Missed my workout yesterday which makes it four years in a row
any doctors here? am I allowed to get a wax during my epidural? it’s genius and there’s a ton of time to kill anyhow
something america actually gets right is our commitment to air conditioning and ice cubes in drinks. like yeah healthcare would be nice but my god, room temperature water is an abomination
My wife: I just gave myself a pedicure in record time!
Me: Impressive feet!
ME: I will have 4 blueberry muffins for dinner please
DUNKIN DONUTS CASHIER: Please do not tell us that you’re having them for dinner
People say I’m half naked when I’m 12% dressed because they’re bad at math
Just showed my 4 yo niece that I can still do a cartwheel and now she is showing me where the ice packs are.
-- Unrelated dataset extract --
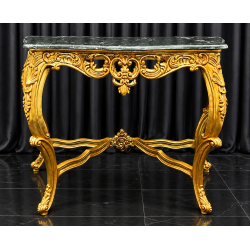 CONSOLE BAROQUE DORÉE À LA FEUILLE D’OR - MARBRE NOIR - 110 CM - PRIX PROMO -20%Magnifique console de style baroque en hêtre 100 % massif, sculptée à la main dans nos ateliers et patinée à la feuille d’or. Son entretoise sculptée complète harmonieusement sa silhouette. Le plateau en marbre noir contraste avec la dorure et met en valeur le travail des sculptures. Chaque pièce est unique.Largeur : 110 cm. Modèle disponible en stock. Promotion de 20 % : 1 056 € au lieu de 1 320 €.Fabrication sur mesure possible avec choix des dimensions, de la forme, du modèle et des finitions : bois laqué, vernis ou marqueterie. Consultez notre catalogue pour découvrir les options disponibles.Livraison possible par nos soins, protégée par couvertures et mousses, partout en France et en Europe continentale sur devis. En France, le tarif de livraison est identique partout, quelle que soit la distance à parcourir et quel que soit le volume de la commande.
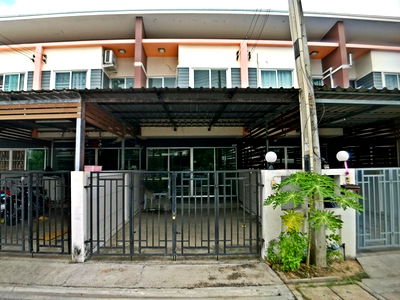 Townhouses for sale Chonburi : FOR SALE  TOWNHOUSE PROPERTY  1000000 BAHT.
baby proofing your house is easy, just lock your doors. There’s no way they could get in unless there were like hundreds of them or somthing
boy, pass me my luxury grilled pregnant smelt
Hostage: *screaming*
Mafia boss: hurry up and tape his mouth!
Me: *still trying to find the end of the tape on the roll*
Whenever I can’t sleep at night I dig a hole in the backyard to keep the neighbors guessing.
[pearly gates]
Pete:
Me:
Pete:
Me: was it my browser history?
Pete: wAs It mY bRoWsEr HiStOrY
My son shut off location sharing on his phone and now I have to call my mom and apologize for causing her crippling anxiety every night from 1984 to 1987.
Just ordered Dominos while at Dominos because I need a ride home.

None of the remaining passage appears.